Dive Brief:
- The U.S. Treasury Department said a state-sponsored hacker gained access to unclassified documents on Treasury Department workstations after obtaining a stolen key a vendor used for cloud-based technical support, according to a letter sent Monday to leaders of the Senate Committee on Banking, Housing and Urban Affairs.
- BeyondTrust notified the Treasury Department on Dec. 8 that a hacker used the key to override security protections and gain remote access to the workstations of certain users, according to the letter sent to Sens. Sherrod Brown and Tim Scott, the chairman and ranking member of the committee, respectively. The attack has been attributed to a China-linked threat actor.
- Treasury officials have been working with the Cybersecurity and Infrastructure Security Agency, the FBI, intelligence community officials and third-party forensic experts to investigate the incident, according to the letter. The compromised BeyondTrust service has since been taken offline.
Dive Insight:
On Dec. 8, BeyondTrust said a threat actor gained access to a limited number of RemoteSupport SaaS customers by compromising an API key. The attack was first detected on Dec. 2 and confirmed Dec. 5, according to a blog post from the company.
A BeyondTrust spokesperson on Monday said the company notified the customers involved in the prior incident and has been working with those customers to provide support. The company also contacted law enforcement and has been assisting the investigation, the spokesperson added.

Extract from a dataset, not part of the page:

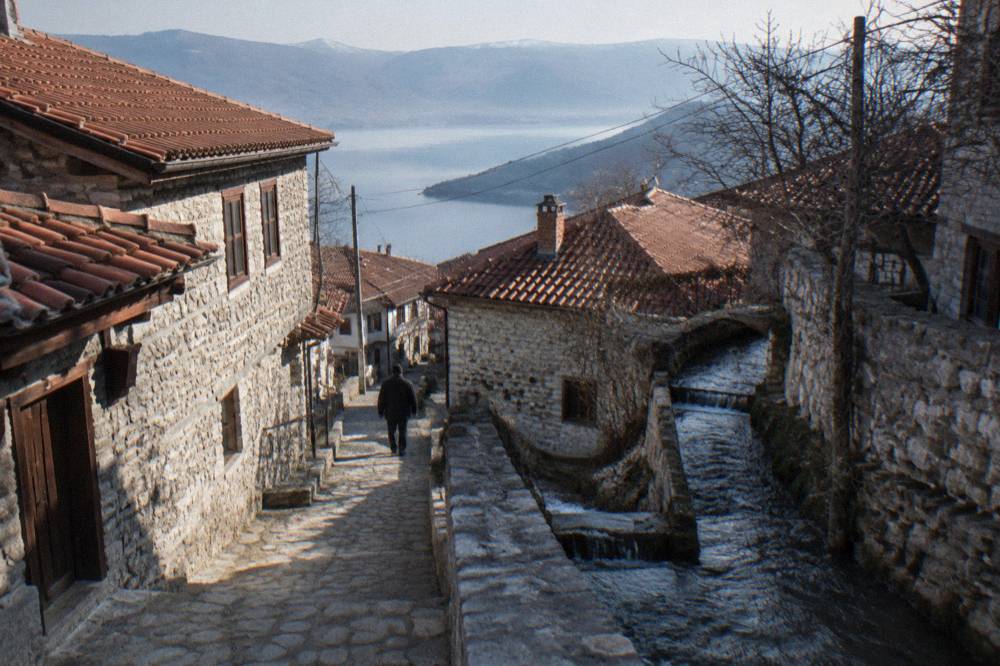 A narrow village lane of stone houses climbing a slope with the stream alongside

During the investigation into the attack, a critical command injection vulnerability, CVE-2024-12356, with a CVSS score of 9.8, and a medium-severity command injection vulnerability, CVE-2024-12686, were identified. CISA later added CVE-2024-12356 to its known exploited vulnerabilities catalog.
Scott has requested a briefing from the Treasury Department on the incident and is closely monitoring the situation, according to a spokesperson.
A spokesperson for CISA said the agency would not comment on the scope of the attack and referred all questions to the Treasury Department.